The second Industrial Revolution of 1840 to 1870, which saw the use of steam and electricity to power large-scale manufacturing didn’t produce an overnight change for the average man. It would take at least one or two generations before improvements in society could be seen and opportunities could be realised in complementary technologies. All the time though, the world’s GDP was going up, the world was getting richer - even if it didn’t feel that way to millions of people.
The Industrial Revolutions were all about multiplying our muscle power. We are now in the midst of another equally monumental revolution that in time will have its own name, perhaps: The Social, Machine, Digital or Technology Revolution. This revolution, though, is all about multiplying the power of the brain. This modern day revolution is changing the way that we have traditionally gone about our work and business. Robots or droids are taking our jobs and how do you operate in a society where so much is given away for nothing on the Internet?
Currently there has never been so much money held by so few: the wealthiest 300 people in the world have as much wealth as the poorest 3 Billion. Corporations’ have been making huge profit and are sitting on vast war chests of cash not knowing what to do with it. In the UK alone there is £700 Billion sitting in corporate accounts. The Dow Jones index has for the first time exceeded 15,000. Businesses as a whole are not hiring though. There were fewer people working in the USA in 2010 than 2000. This was the first time on record that this has happened. We are seeing the same stagnation in jobs that occurred during the Industrial Revolutions. The gap between the amount of workers and the amount of jobs is getting bigger and will continue to grow. Robots are not only doing work in factories and assembly lines they are, using algorithms to write press articles, trade in stocks and shares and are even carrying out complicated translations. Machines are now intelligent and are capable of learning whilst they work. Every industry will be affected from medicine to banking and legal to musical. Moore’s Law of doubling the power of computing every two years looks likely to hold true for at least another two decades. A child’s Play Station of today has more computing power than a military Super Computer of 1996. We are again in the situation where productivity is increasing without the need for hiring and in many cases with a lower head count. People are being left behind, how can a skilled worker compete against a computer?
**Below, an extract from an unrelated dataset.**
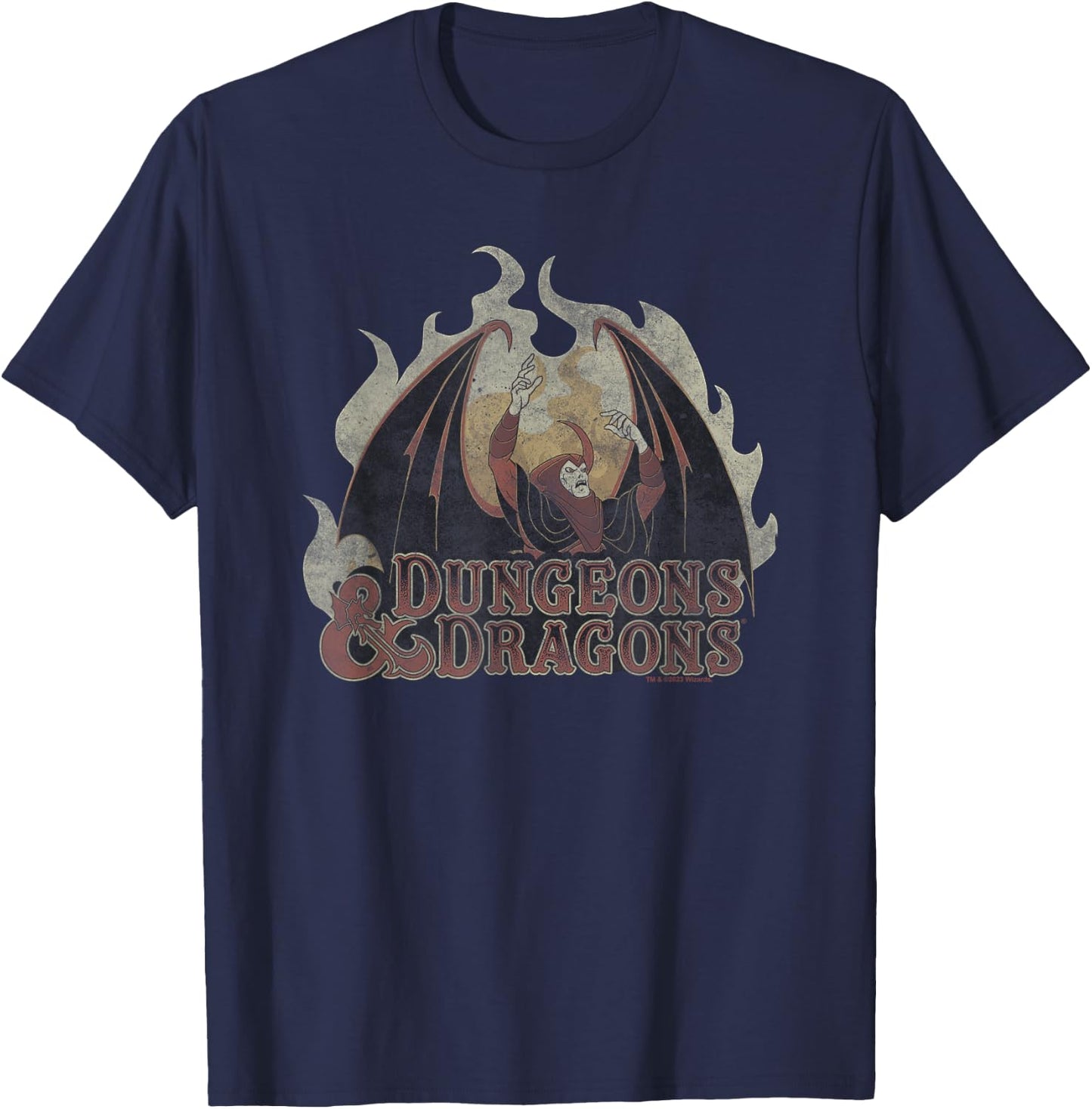 Dungeons & Dragons Venger T-Shirt - T-Shirt | Navy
So, if all jobs are to be done by machines is the working life of the human obsolete? In traditional working areas the answer is probably yes. What will we do? The Victorians believed that work prevented; boredom, vice and need, it’s hard not to agree with them. We will however have a fantastic opportunity to harness this technology and be free to address poverty, oppression, misery, exploitation, drudgery and the environment. Everything in the past will seem trivial compared to what could be done in this utopian future. We are currently seeing some complimentary industries surfacing and booming such as; personal coaching and training, experiential pursuits (restaurants, coffee shops, nail bars, cinema etc.) and of course social media.
What really needs to be addressed is what should we be teaching our children? Can you be sure that the subject in which they graduate will be needed in the future unknown world? Better content is required that is more relevant and closer to the world of today. Old staid education is not good enough. Why learn facts and figures when they can be obtained freely and instantly from the Internet? The students of today need to understand life and the consequences of actions. Technical schools and vocational working need to be encouraged. The world can be educated so much more cheaply and equally by using technology.
This latest revolution needs to be embraced. There is much to be optimistic about but economies are going to be run on ideas and not on traditional pursuits. The best working days are ahead of us, not in the past.